╭─ Source data
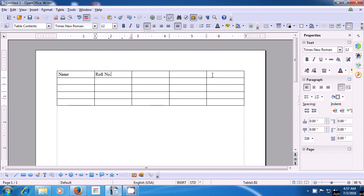In the second box, we have titled role number. In the third box, we are going to type the subject names. For instance, we type Hindi. In the next box, by taking the cursor by Tab or right arrow, we type English. In the last box, we type computer. Now we need to type the names and the marks for each of these subjects.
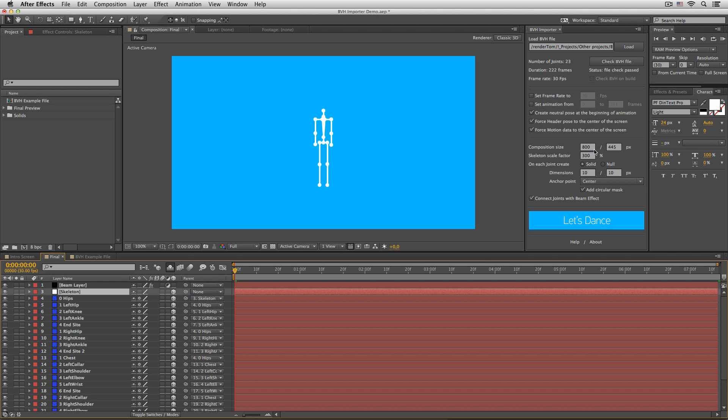Composition size. Well, easy enough. Skeleton scale factor. Well, that's a little bit tricky one, because it depends on the world scale of your BVH file. In this case 300% works just fine for me.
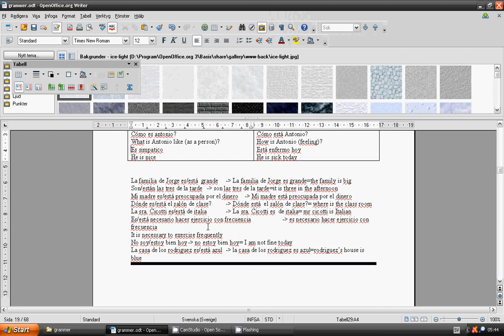Es o está necesario hacer ejercicio con frecuencia? No soy o no estoy bien hoy? La casa de los Rodríguez es o está azul?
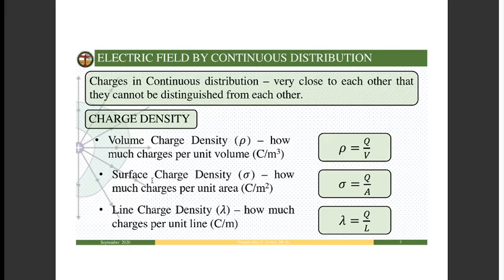Instead, we have to focus on how charges are distributed along a volume, along a surface, or along a line. This is called the charge density. Charge density is the property of a continuous charge distribution that describes how charge is distributed along its dimension. We have volume charge density denoted by ρ (rho), surface charge density denoted by σ (sigma), and line charge density denoted by λ (lambda).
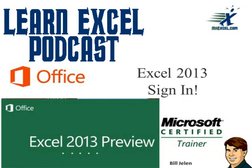Hey everyone, it's Bill Jelen from MrExcel.com, and we're here with Excel 2013. I'm sure you'll see some of the cool things that are there, so this week we're going to take a look at some cool features. This episode is called Excel 2013 Sign In.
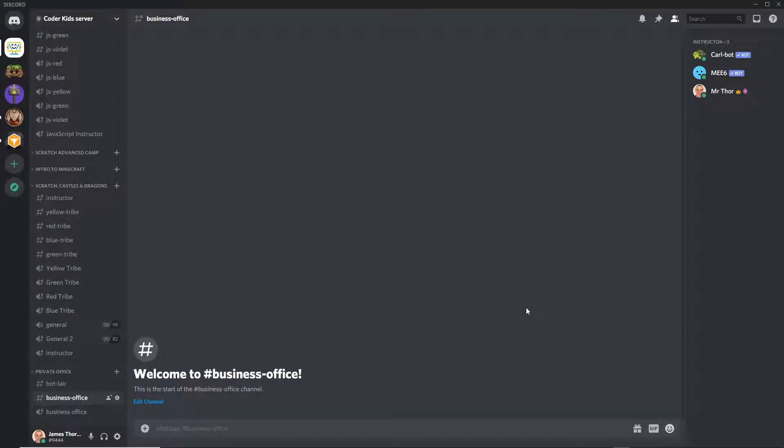All right, welcome. I'm going to show you how to share your screen in Discord. It is super easy.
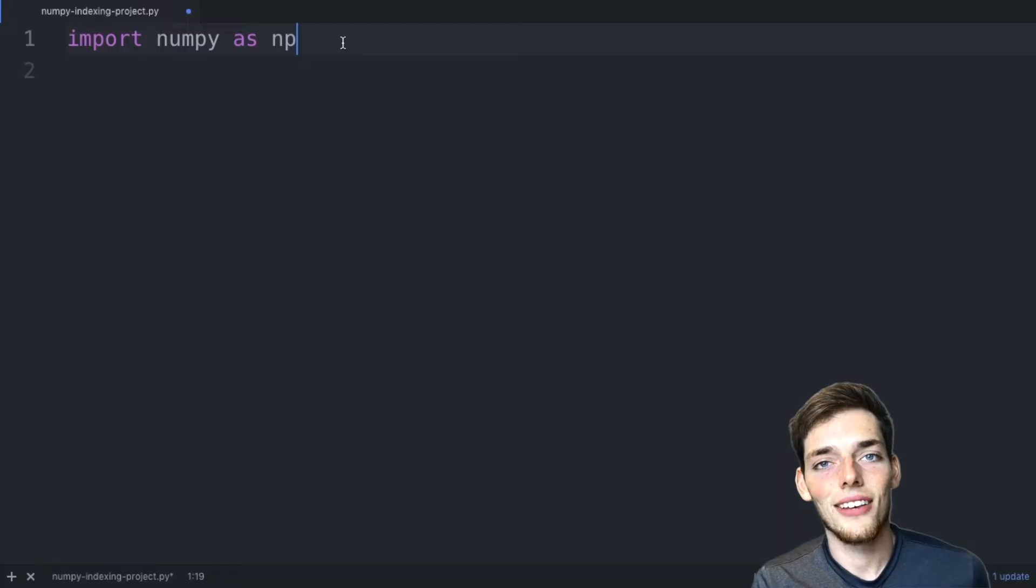Hey everyone, welcome to the optional project video for NumPy reshaping and indexing. Let's get started.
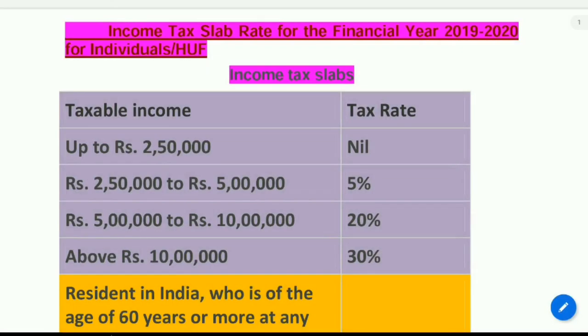In this session we are going to discuss how to calculate income tax. It is very easy to calculate income tax nowadays online, but in this session we are going to study how we can calculate income tax manually. So let us start the session. Income tax slab rate for the financial year 2019-2020.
╰─
Problem statement:
Only lines belong in the copy: transcribe those from the start of the data through the line that contains "Hey everyone, welcome", and skip the pictures.

Output of the task:
In the second box, we have titled role number. In the third box, we are going to type the subject names. For instance, we type Hindi. In the next box, by taking the cursor by Tab or right arrow, we type English. In the last box, we type computer. Now we need to type the names and the marks for each of these subjects.
Composition size. Well, easy enough. Skeleton scale factor. Well, that's a little bit tricky one, because it depends on the world scale of your BVH file. In this case 300% works just fine for me.
Es o está necesario hacer ejercicio con frecuencia? No soy o no estoy bien hoy? La casa de los Rodríguez es o está azul?
Instead, we have to focus on how charges are distributed along a volume, along a surface, or along a line. This is called the charge density. Charge density is the property of a continuous charge distribution that describes how charge is distributed along its dimension. We have volume charge density denoted by ρ (rho), surface charge density denoted by σ (sigma), and line charge density denoted by λ (lambda).
Hey everyone, it's Bill Jelen from MrExcel.com, and we're here with Excel 2013. I'm sure you'll see some of the cool things that are there, so this week we're going to take a look at some cool features. This episode is called Excel 2013 Sign In.
All right, welcome. I'm going to show you how to share your screen in Discord. It is super easy.
Hey everyone, welcome to the optional project video for NumPy reshaping and indexing. Let's get started.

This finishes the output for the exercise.